11. Federated Learning
▪ Difference:
▪ Cross-device focuses on mobile and IT devices and cross-silo focuses on devices in
organization but neither of them focuses on both.
▪ Cross-device can support more number of clients but model may take days (1-10
days) to converge.
▪ Cross-silo is relatively more reliable than cross-device federated learning.
▪ Cross-device provides better privacy but may result in decreased efficiency.
12. PROBLEM STATEMENT
● Models available today are mostly focused on efficiency or functionality, but very few are
focused on privacy.
● One such model that gives enough privacy is cross-device federated learning which is not
very efficient as compared to other models.
● We propose a model which uses the advantages of both cross-device and cross-silo federated
learning for improving privacy and efficiency.
13. Proposed Methodology
Client selection: The server chooses among the clients fitting the
eligibility criteria.

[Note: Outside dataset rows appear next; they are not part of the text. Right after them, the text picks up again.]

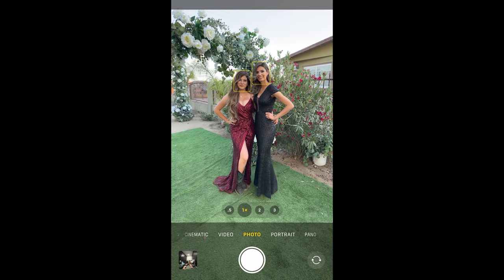You could take regular iPhone photos like this. Instead, try this technique out.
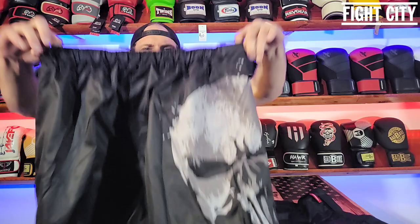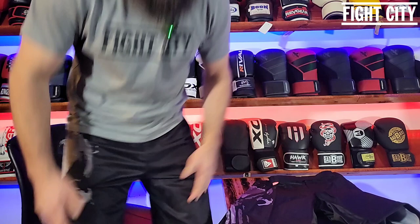Welcome to Fight City Gym Talk. You are here with Eric Walling, and today I'm going to go over Hayabusa Fight Shorts — they're MMA shorts. They call them the Hexagon Fight Short, and that's this guy right here. It's also very comparable to the Marvel Hayabusa Fight Short, which is my favorite fight short. It's the one I happen to be wearing, and I really like them.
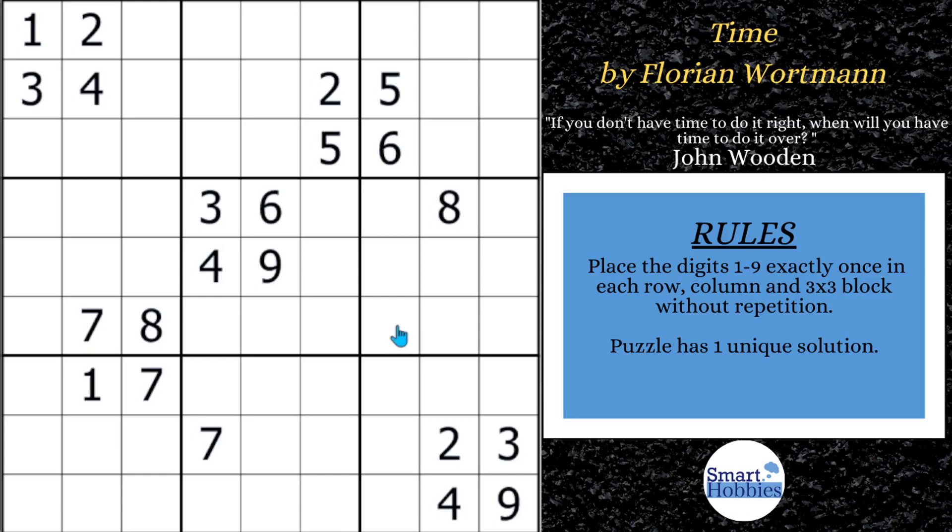Greetings friend. I will show you the best way to quickly solve this Sudoku without marks. Not only that, later in the video I'll give you some fun facts about our Friday featured setter that you will want to know. Click below to give it a go — with that, it's solving time.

For example, client devices that are plugged in to
the charger and having good connection speed will be eligible for
training our model.
Broadcast: The clients then receive training models and weights
from the server (e.g., TensorFlow graph).
Client computation: Clients then perform local computations and
trains to update the model (e.g., SGD in Federated Averaging).

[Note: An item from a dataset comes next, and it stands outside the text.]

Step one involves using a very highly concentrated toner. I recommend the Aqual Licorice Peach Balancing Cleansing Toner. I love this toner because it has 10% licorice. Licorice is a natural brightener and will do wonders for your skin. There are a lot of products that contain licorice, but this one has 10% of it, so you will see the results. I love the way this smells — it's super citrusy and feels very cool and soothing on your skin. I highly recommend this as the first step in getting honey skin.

Aggregation: The server then aggregates the updates by clients.
Various methods of aggregation like FedAvg, FedNova etc. can be
applied for accuracy and encryption and differential privacy can be
applied for increasing privacy.
Model update: The server locally updates the shared model based
on the aggregated update computed from the clients that
participated in the current round.
14. Algorithm
Server
▪ Result: Creates task for clients and distributes
them to managing nodes
1. for each round t = 0.1.2. do
2. S < - (sample a random set of nodes)
3. end
4. for each node k = S, in managing nodes do
5. Pass data to managing nodes
6. end
Management Node
▪ Result: Returns the accumulated data from its group of
clients
1. S <- (sample a random set of clients)
2. for each client k = S, in Graph (decentralized nodes) do
3. updateWeightUsingFedAvg (ClientTraining (k, W1))
4. end
5. return Wo to server
15. Algorithm
Client device
▪ Result: Returns the updated weights
1. for each local epoch with i = 1,2,... do
2. for batch B do
3. do processing using broadcasted data
4. end
5. end
6. return W to server
16. Result and Conclusion
The accuracy of the model is intact, the model is more robust and error tolerant and we have also introduced more privacy.

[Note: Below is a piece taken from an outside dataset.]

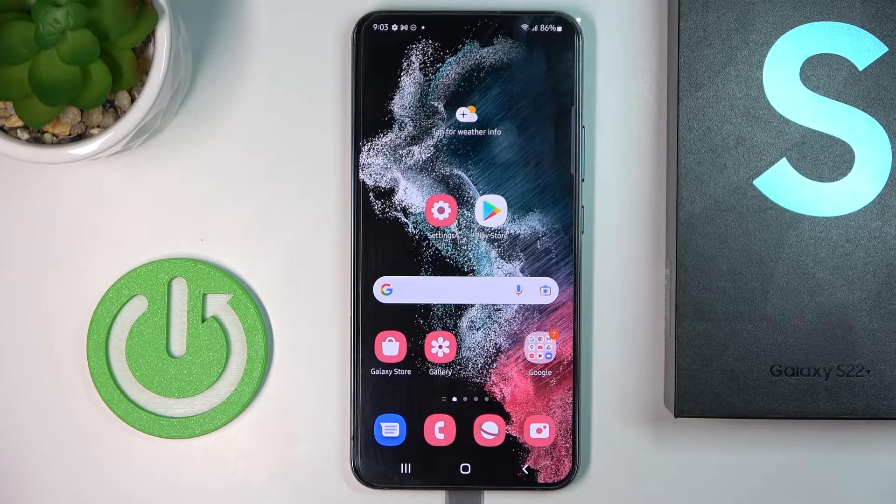In front of me is the Samsung Galaxy S22 Plus, and let me show you how to block a number on this device.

Further improvements could be made with the help of Fine-Grained training models that uses blockchains for additional
security and monitoring perspective.
17. Result and Conclusion
▪ More work is required to find out its accuracy as compared with different situations using
different models.
▪ We were able to experiment and confirm that this setting significantly reduces the number of
mishaps occurring due to network issues and uncertain available time of client and reduces
overhead of getting the correct kind of data by selectively filtering the devices on non-PII data.
▪ Moving forward, we need to analyze the performance of this approach in real world datasets as
well as compare various other causal learning approaches.